[M3devel] small objects

Rodney M. Bates rodney.m.bates at cox.net
Fri Apr 10 00:00:55 CEST 2009


Without language changes, this could be useful.  It does use two
words instead of one, with always one or the other being wasted.
But in my 11-to-1 example, it would give 11-to-2 savings--not to be
sneezed at.

One limitation it has is, to get the benefit, you have to stored the
two-word record itself embedded wherever the pointer would have
been, not out in the heap.

So it's not a reference type and thus can't be opaque.   No type
unsafely here, but client code can not be prevented from breaking
the abstraction.   There are places in the M3 distribution where
a non-reference type has a comment (* Treat as opaque *).

Jay wrote:
> Um, what do folks think of, like:
>  
> struct
> {
>     void* Type;
>     union
>     {
>        size_t Integer;
>        void* Pointer;
>      } Value;
> } Variant;
>  
> ?
> You know -- something that is two pointers, one pointer for the type, 
> one for the value or integer?
> void* Type would actually be a pointer to something actually defined 
> and elaborate.
>  
> Obviously this is twice as large, not as small as it could be, but 
> much more general and portable.

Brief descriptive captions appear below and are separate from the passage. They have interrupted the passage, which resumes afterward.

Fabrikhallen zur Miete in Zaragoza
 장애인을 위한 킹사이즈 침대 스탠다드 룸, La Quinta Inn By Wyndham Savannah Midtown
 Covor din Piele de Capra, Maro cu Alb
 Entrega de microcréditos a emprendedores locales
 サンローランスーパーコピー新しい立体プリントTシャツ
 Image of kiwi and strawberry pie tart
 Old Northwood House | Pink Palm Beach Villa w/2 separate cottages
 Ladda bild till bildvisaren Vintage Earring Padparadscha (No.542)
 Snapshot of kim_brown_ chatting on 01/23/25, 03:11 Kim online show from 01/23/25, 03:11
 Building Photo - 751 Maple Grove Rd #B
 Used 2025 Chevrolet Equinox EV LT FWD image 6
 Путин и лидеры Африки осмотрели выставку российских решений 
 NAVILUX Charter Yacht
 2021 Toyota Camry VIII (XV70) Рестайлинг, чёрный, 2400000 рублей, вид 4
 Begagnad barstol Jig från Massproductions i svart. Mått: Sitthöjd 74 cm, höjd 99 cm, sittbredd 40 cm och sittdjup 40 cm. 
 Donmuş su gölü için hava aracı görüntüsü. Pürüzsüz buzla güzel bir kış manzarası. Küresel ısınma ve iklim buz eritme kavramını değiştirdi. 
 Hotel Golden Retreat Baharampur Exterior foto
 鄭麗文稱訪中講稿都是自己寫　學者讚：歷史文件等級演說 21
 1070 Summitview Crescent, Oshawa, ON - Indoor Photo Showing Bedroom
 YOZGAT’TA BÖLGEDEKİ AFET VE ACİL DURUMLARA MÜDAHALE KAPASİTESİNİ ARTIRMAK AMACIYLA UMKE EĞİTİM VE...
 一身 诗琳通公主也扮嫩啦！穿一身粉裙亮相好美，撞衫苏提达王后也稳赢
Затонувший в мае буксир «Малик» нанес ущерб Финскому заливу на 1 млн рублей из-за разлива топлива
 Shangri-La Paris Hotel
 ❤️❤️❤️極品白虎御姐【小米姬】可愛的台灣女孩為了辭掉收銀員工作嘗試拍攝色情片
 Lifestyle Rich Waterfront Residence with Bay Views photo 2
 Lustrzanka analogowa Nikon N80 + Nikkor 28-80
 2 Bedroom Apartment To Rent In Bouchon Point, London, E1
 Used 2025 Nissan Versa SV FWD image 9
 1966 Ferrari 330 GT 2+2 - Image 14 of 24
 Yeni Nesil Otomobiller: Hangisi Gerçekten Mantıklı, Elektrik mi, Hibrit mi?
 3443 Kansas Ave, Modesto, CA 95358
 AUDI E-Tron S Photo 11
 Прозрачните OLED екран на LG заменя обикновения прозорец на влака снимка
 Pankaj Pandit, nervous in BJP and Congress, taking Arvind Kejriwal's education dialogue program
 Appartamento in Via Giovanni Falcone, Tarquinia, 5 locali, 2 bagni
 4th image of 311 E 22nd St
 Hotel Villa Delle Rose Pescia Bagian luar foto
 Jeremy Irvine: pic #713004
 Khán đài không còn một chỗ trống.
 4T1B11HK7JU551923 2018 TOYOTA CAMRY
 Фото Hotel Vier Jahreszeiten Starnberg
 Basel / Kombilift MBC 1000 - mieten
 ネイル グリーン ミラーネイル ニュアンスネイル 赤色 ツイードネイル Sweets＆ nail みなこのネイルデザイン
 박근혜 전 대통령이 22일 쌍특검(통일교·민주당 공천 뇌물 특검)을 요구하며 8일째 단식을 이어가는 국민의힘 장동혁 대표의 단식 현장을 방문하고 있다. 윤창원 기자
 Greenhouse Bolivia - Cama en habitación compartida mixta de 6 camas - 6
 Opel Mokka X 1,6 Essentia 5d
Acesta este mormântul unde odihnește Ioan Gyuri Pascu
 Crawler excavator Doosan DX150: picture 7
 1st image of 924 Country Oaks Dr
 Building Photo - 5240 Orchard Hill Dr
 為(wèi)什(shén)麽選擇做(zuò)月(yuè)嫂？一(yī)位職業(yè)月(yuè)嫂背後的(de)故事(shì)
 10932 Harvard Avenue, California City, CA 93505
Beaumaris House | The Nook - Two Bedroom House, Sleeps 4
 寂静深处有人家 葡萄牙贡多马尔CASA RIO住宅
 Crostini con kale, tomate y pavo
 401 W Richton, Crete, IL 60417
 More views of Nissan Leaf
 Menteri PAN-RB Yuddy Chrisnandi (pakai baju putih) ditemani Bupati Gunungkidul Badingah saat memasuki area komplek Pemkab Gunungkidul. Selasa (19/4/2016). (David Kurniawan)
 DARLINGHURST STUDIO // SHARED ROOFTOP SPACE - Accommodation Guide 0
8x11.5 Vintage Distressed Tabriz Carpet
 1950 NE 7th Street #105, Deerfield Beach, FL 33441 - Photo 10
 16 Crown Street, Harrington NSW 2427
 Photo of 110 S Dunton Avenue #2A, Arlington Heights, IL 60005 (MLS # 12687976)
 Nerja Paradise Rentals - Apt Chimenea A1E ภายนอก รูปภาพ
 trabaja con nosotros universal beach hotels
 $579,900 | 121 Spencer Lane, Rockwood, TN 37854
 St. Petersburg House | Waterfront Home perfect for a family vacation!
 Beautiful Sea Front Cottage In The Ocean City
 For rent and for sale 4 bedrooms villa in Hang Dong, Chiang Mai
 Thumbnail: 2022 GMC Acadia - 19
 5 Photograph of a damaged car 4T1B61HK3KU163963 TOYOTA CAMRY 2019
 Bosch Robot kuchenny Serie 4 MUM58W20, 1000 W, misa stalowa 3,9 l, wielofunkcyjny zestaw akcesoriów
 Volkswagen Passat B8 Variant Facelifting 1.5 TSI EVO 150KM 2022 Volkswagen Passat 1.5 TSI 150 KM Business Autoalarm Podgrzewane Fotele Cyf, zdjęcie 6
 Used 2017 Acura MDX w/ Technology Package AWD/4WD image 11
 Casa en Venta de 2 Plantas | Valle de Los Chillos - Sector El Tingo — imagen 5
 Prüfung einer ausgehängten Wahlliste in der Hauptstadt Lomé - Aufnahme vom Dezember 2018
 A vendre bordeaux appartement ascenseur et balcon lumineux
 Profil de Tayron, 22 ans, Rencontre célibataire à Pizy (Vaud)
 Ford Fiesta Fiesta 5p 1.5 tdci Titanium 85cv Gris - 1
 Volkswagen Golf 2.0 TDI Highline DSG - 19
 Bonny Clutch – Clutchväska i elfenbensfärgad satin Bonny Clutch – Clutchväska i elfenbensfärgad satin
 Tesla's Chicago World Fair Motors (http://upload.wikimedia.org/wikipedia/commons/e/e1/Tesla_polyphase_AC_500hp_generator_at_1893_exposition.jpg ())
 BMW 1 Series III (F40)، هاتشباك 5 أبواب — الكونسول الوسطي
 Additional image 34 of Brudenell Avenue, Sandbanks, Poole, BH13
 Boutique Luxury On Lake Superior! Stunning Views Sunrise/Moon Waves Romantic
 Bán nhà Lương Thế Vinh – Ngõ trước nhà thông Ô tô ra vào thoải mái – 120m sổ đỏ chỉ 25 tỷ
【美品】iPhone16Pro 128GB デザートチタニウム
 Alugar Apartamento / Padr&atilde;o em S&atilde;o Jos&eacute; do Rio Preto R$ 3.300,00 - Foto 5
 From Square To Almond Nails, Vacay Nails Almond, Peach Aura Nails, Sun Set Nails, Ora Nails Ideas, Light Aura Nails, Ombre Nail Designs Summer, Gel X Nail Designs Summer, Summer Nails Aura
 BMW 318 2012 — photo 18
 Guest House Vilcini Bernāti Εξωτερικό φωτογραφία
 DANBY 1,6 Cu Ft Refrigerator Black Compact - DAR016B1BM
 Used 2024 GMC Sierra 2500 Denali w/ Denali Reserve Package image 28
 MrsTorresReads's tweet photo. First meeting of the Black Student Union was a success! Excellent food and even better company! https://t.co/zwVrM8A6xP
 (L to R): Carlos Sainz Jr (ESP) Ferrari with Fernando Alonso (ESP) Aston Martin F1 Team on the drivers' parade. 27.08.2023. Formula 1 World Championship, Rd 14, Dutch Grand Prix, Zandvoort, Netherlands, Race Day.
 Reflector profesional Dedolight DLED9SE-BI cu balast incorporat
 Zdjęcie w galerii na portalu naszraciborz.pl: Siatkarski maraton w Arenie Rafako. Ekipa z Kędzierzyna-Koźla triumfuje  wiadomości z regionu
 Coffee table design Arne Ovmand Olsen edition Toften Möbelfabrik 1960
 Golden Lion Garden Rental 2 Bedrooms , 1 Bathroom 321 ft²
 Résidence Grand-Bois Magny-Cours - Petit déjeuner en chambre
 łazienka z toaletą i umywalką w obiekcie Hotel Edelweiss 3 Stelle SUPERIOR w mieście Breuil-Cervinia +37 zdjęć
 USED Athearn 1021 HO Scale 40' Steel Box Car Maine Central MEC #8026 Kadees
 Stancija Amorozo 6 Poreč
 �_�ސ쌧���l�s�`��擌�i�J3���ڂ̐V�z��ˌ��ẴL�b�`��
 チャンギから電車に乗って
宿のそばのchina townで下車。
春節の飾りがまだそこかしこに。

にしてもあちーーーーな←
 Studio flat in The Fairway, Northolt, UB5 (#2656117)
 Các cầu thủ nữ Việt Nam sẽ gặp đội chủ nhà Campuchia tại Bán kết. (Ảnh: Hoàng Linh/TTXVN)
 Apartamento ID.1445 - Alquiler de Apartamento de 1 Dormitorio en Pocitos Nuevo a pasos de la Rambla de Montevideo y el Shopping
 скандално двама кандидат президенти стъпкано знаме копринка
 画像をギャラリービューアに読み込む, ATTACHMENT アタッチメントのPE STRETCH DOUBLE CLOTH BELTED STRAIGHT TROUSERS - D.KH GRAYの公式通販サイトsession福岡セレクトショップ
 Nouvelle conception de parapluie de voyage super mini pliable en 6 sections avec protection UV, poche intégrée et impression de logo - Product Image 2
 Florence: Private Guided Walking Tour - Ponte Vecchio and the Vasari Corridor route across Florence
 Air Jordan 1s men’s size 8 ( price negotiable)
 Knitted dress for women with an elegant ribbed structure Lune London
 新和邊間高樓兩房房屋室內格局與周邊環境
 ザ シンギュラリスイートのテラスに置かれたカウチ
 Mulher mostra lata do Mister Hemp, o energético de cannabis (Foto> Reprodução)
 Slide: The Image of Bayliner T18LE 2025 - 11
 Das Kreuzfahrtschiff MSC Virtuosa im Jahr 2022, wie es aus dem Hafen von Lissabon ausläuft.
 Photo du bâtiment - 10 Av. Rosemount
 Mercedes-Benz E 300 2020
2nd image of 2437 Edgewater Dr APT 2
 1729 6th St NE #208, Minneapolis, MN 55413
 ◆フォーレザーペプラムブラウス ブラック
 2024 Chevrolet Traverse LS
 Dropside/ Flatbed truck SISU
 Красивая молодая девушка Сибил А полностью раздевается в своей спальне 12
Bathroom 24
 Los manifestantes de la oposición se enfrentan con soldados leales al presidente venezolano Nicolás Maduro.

No need to determine how many of bits 
> can be the tag.
>  
> And hope/assume for perf that such a small struct is passed in registers.
> On x86/NT 4 and 8 byte structs I think are.
>  
> Type could also be an integer, index into some table, with some 
> predefined values.
> #define TYPE_INTEGER 0
> #define TYPE_FLOAT 1
> #define TYPE_DOUBLE 2
> #define TYPE_ADDRESS 3
>  
> more generally the union would have a float, and maybe a double on 
> 64bit platforms.
>  
> OR, on 64bit platforms, you probably can, with some porting work, 
> dedicate a whole 8 bits or so to a type index, and still the thing in 
> one "word". How many bits of address space does any 64bit platform 
> these days or forseeable future actually implement?
>  
> But 32 bits doesn't seem big enough to afford that, and still this is 
> a portability problem -- anything less than a full pointer.